COLLECTED DATA:

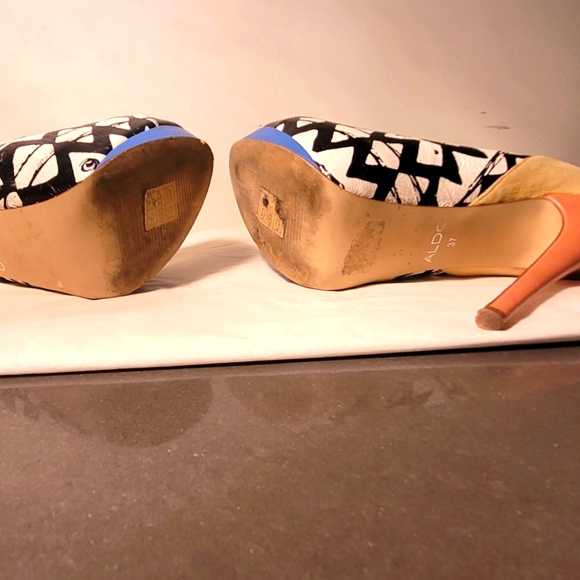Colorful artistic Aldo statement pumps - Picture 5 of 7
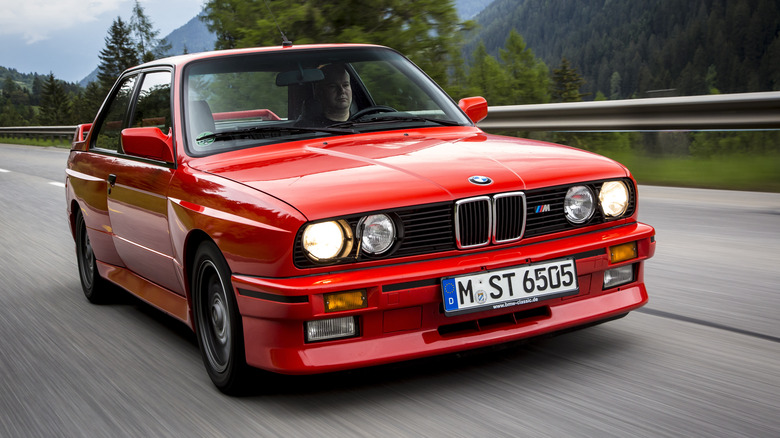 BMW E30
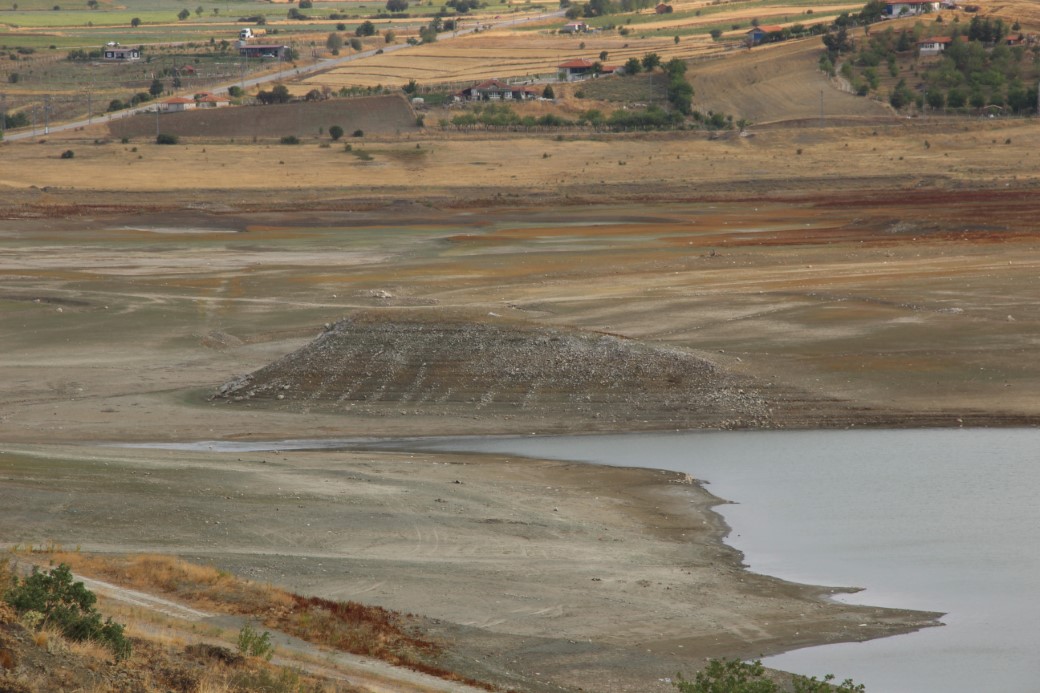 Barajlar alarm veriyor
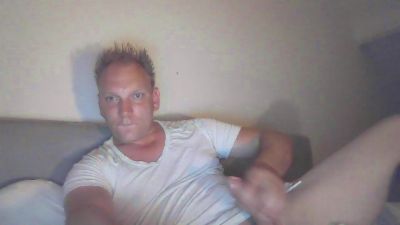 Mickxll live cam on Cam4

WORK INSTRUCTION: Your answer must be the full listing, copied exactly, with no pictures in it.

ANSWER AREA:
Colorful artistic Aldo statement pumps - Picture 5 of 7
 BMW E30
 Barajlar alarm veriyor
 Mickxll live cam on Cam4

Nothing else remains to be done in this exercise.